How Camp Laurelwood led to a new book on baseball during World War II

By Cindy Mindell

On a chilly Sunday, Dec. 7, 1941, Major League Baseball’s owners gathered in Chicago for their annual winter meetings, just two months after one of baseball’s greatest seasons. For the owners, the attack on Pearl Harbor that morning was also an attack on baseball. They feared a complete shutdown of the coming 1942 season and worried about players they might lose to military service. But with the support of Pres. Franklin D. Roosevelt, the national pastime continued.

book cover nats and graysThe Nats and the Grays: How Baseball in the Nation’s Capital Survived WWII and Changed the Game Forever examines the impact of the war on the two teams in Washington, D.C. – the Nationals of the American League and the Homestead Grays of the Negro Leagues – as well as the impact of the war on major league baseball as a whole.
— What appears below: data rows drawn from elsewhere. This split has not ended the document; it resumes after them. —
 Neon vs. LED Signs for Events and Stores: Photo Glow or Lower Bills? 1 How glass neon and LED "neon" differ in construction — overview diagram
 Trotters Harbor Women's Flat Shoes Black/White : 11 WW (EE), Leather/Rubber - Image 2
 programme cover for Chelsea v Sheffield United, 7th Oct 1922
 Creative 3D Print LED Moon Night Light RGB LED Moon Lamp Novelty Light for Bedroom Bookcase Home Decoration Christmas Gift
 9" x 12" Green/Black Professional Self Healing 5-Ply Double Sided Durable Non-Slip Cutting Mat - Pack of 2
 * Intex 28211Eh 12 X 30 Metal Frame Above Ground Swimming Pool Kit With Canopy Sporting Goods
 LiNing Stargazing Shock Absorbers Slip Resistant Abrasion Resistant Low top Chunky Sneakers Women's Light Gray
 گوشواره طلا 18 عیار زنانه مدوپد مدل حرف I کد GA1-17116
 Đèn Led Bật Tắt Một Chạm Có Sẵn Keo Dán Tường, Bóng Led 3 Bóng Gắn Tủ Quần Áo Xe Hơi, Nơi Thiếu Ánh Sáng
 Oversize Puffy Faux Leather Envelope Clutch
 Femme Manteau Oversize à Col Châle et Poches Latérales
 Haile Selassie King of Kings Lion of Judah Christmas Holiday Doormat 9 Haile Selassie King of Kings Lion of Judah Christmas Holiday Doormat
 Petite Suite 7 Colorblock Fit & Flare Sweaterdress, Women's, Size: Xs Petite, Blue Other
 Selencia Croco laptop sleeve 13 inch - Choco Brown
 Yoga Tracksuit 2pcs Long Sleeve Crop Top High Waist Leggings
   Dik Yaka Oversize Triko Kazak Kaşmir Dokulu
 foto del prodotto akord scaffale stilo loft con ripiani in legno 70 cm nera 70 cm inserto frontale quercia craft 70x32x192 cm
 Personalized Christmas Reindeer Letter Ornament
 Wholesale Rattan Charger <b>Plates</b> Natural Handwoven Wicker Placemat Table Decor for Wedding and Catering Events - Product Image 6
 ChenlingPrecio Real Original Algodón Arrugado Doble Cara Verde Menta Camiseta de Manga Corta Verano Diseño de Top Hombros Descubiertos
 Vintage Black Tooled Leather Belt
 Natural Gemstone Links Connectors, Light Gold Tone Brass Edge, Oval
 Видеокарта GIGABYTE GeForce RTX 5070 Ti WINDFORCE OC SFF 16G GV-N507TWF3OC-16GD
Each chapter is devoted to a wartime year, beginning with 1941 and ending with the return of peacetime in 1946, including the exciting American League pennant race of 1945. The book reveals many formerly little-known activities, laws, and wartime changes that affected the major leagues and the Negro Leagues as they struggled to keep the game alive during the conflict and, for the Negro Leagues at least, to integrate the sport.

Co-authors David E. Hubler and Joshua H. Drazen were brought together by Camp Laurelwood in Madison. Drazen’s father, Barrie, was a camper in the early ‘60s, and Hubler was his counselor. The two kept up a lifelong friendship, which grew over the years to involve their respective families. Drazen’s mother, Lynne, was a camper as well. Joshua and his sister attended Laurelwood in the ‘80s, and a third generation of the family became campers this summer. When Hubler embarked on his book project, based on interviews conducted with former Nationals players in the ‘90s, he invited Drazen to collaborate.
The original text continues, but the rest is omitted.